══ Provided material

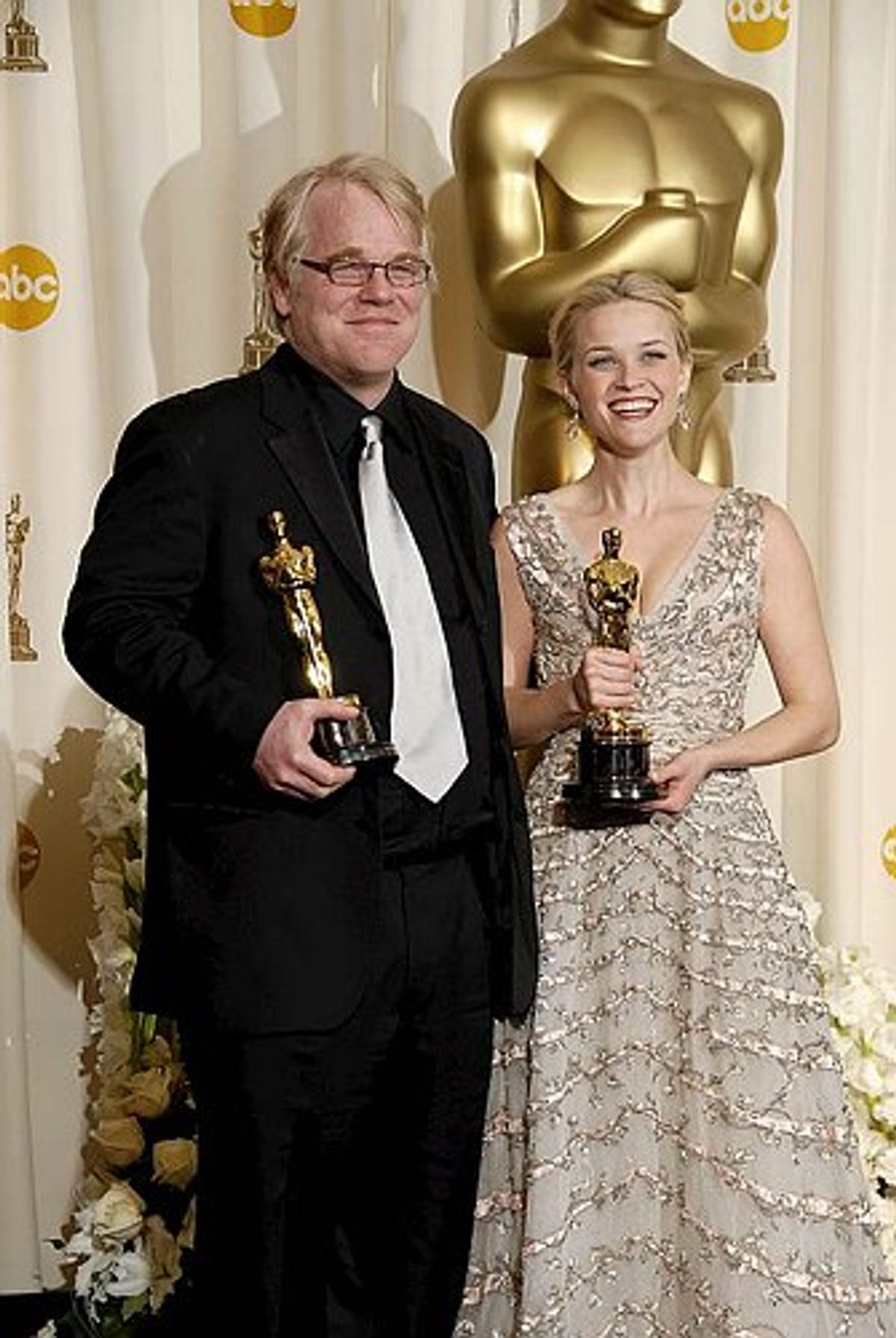 Philip Seymour Hoffman & Reese Witherspoon at 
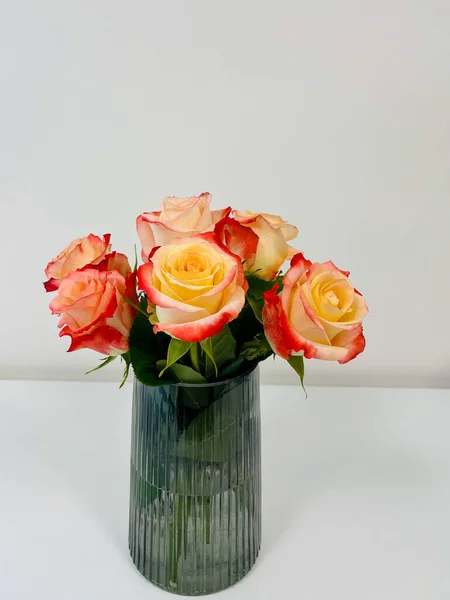 Bukiet Pięknych Róż Mieści Się Przezroczystym Szklanym Wazonie Biurze Izolowane — Zdjęcie stockowe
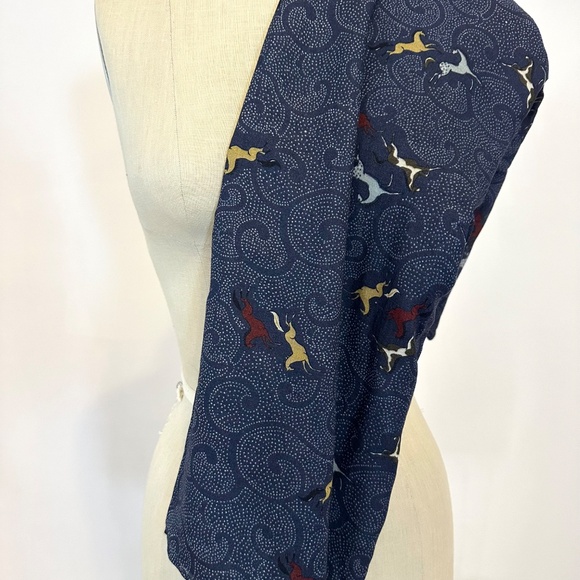 Modal Scarf Horse Print - Picture 2 of 6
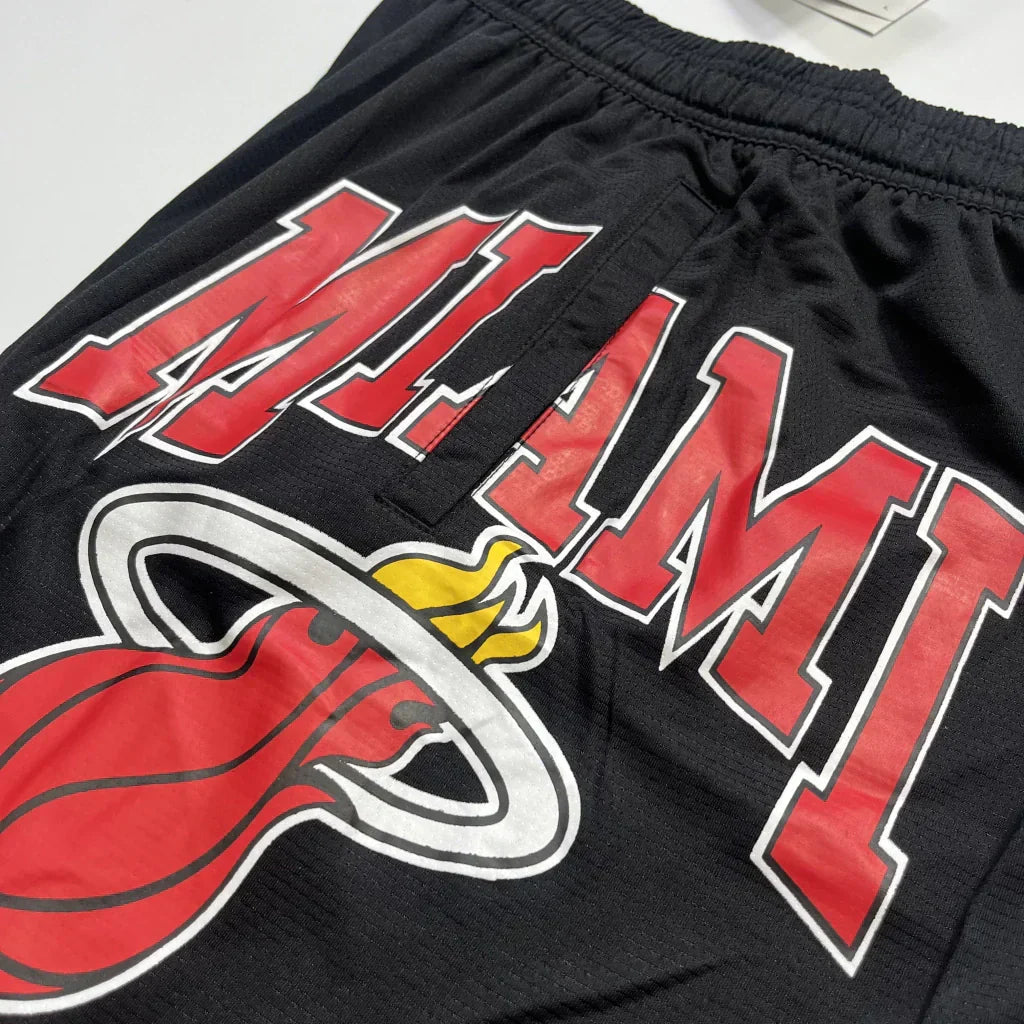 Shorts NBA Miami Heat 23/24 Casual - Vermelho - Branco - Preto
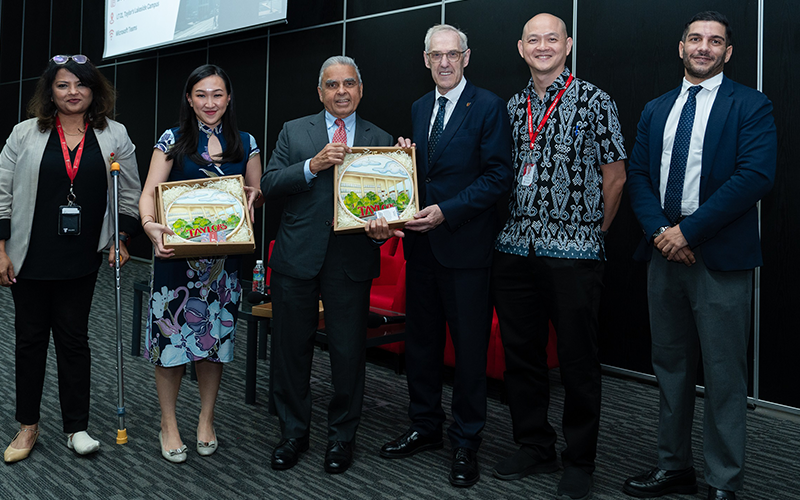 Kishore Mahbubani with Professor Ong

════

__Exercise requirements__.
Please transcribe exactly the lines from the one that contains "Shorts NBA Miami" through the closing line of the entries, with no pictures.

__Exercise answer__.
 Shorts NBA Miami Heat 23/24 Casual - Vermelho - Branco - Preto
 Kishore Mahbubani with Professor Ong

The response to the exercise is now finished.